This article advocates a hybrid legal-technical approach to the evaluation of technical measures designed to render information anonymous in order to bring it outside the scope of data protection regulation. The article demonstrates how such an approach can be used for instantiating a key anonymization concept appearing in the EU General Data Protection Regulation (GDPR) -- singling out. The analysis identifies and addresses a tension between a common, compelling theory of singling out and a mathematical analysis of this theory, and it demonstrates how to make determinations regarding the sufficiency of specific technologies for satisfying regulatory requirements for anonymization.
Doubts about the feasibility of effective anonymization and de-identification have gained prominence in recent years in response to high-profile privacy breaches enabled by scientific advances in privacy research, improved analytical capabilities, the wider availability of personal data, and the unprecedented richness of available data sources. At the same time, privacy regulations recognize the possibility, at least in principle, of data anonymization that is sufficiently protective so as to free the resulting (anonymized) data from regulation. As a result, practitioners developing privacy enhancing technologies face substantial uncertainty as to the legal standing of these technologies. More fundamentally, it is not clear how to make a determination of compliance even when the tool is fully described and available for examination.
This gap is symptomatic of a more general problem: Legal and technical approaches to data protection have developed in parallel, and their conceptual underpinnings are growing increasingly divergent. When lawmakers rely on purely legal concepts to engage areas that are affected by rapid scientific and technological change, the resulting laws, when applied in practice, frequently create substantial uncertainty for implementation; provide contradictory recommendations in important cases; disagree with current scientific technical understanding; and fail to scale to the rapid pace of technological development. This article argues that new hybrid concepts, created through technical and legal co-design, can inform practices that are practically complete, coherent, and scalable.
As a case study, the article focuses on a key privacy-related concept appearing in Recital 26 of the General Data Protection Regulation (GDPR) called singling out. We identify a compelling theory of singling out that is implicit in the most persuasive guidance available, and demonstrate that the theory is ultimately incomplete. We then use that theory as the basis for a new and mathematically rigorous privacy concept called predicate singling-out. Predicate singling-out sheds light on the notion of singling out in the GDPR, itself inextricably linked to anonymization. We argue that any data protection tool that purports to anonymize arbitrary personal data under the GDPR must prevent predicate singling-out. This enables, for the first time, a legally- and mathematically-grounded analysis of the standing of supposed anonymization technologies like k-anonymity and differential privacy. The analysis in this article is backed by a technical-mathematical analysis previously published by two of the authors.

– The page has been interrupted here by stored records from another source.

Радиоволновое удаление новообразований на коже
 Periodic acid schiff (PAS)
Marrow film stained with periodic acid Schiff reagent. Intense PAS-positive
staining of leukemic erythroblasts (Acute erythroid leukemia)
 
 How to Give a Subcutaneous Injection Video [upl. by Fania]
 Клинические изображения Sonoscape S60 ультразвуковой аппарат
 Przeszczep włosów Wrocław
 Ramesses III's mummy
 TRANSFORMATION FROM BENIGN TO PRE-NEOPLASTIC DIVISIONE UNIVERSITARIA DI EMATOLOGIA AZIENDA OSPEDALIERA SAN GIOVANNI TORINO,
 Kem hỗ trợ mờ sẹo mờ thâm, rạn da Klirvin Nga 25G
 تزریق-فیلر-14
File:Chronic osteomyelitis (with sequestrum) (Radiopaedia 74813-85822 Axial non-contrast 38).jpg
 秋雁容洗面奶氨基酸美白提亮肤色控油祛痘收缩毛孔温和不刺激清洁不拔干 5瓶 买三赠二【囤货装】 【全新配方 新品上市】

Conceptually, our analysis demonstrates that a nuanced understanding of baseline risk is unavoidable for a theory of singling out based on current regulatory guidance. Practically, it identifies previously unrecognized failures of anonymization. In particular, it demonstrates that some k-anonymous mechanisms may allow singling out, challenging the prevailing regulatory guidance.
The article concludes with a discussion of specific recommendations for both policymakers and scholars regarding how to conduct a hybrid legal-technical analysis. Rather than formalizing or mathematizing the law, the article provides approaches for wielding formal tools in the service of practical regulation.